● **SOURCE MATERIAL**
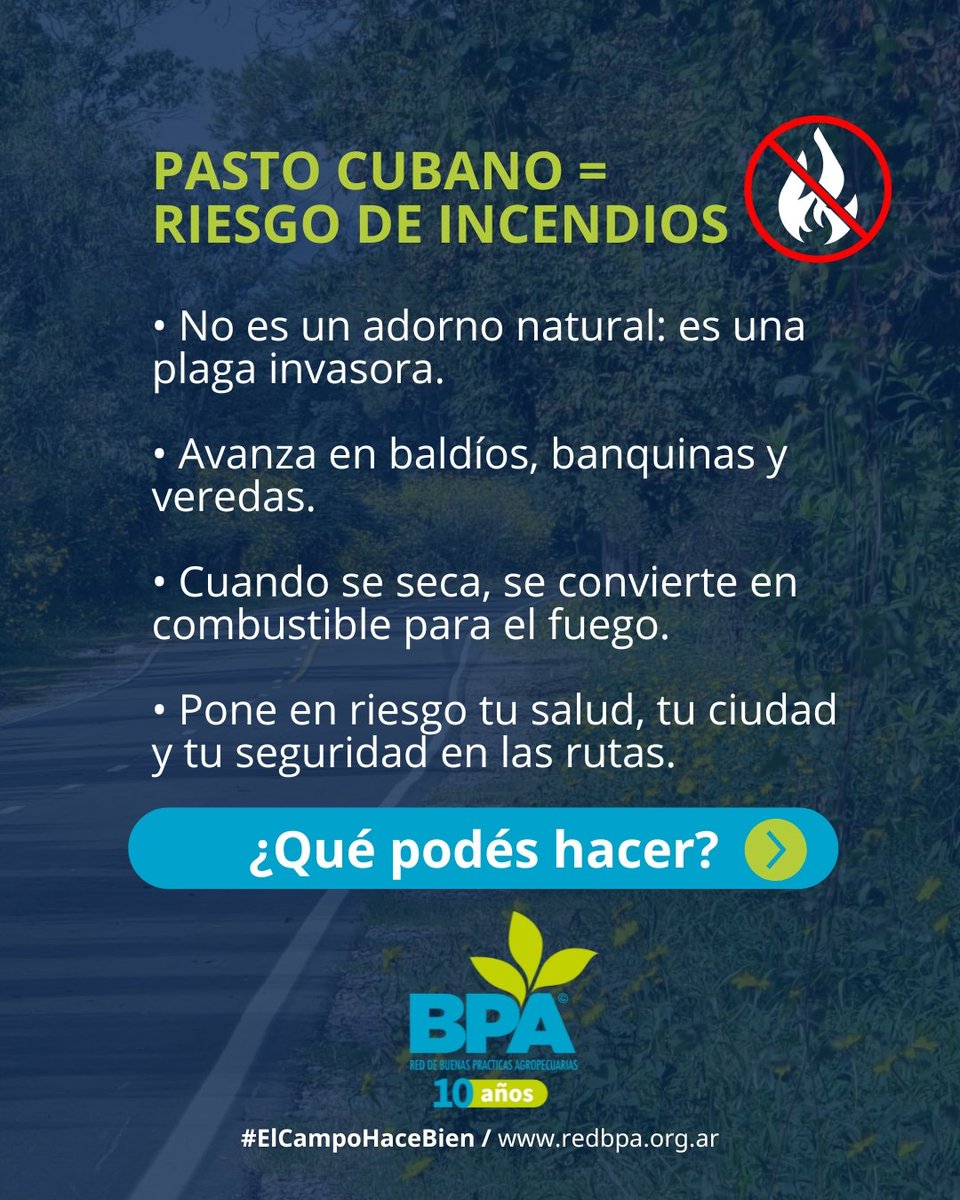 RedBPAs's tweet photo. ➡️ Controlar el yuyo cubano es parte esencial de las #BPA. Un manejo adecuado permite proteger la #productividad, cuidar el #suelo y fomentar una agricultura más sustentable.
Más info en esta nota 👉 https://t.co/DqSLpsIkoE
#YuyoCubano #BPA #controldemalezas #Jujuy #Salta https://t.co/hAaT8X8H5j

● **EXERCISE**
Which lines in the data above contain "https"? Show each one.

● **FINISHED EXERCISE**
Más info en esta nota 👉 https://t.co/DqSLpsIkoE
#YuyoCubano #BPA #controldemalezas #Jujuy #Salta https://t.co/hAaT8X8H5j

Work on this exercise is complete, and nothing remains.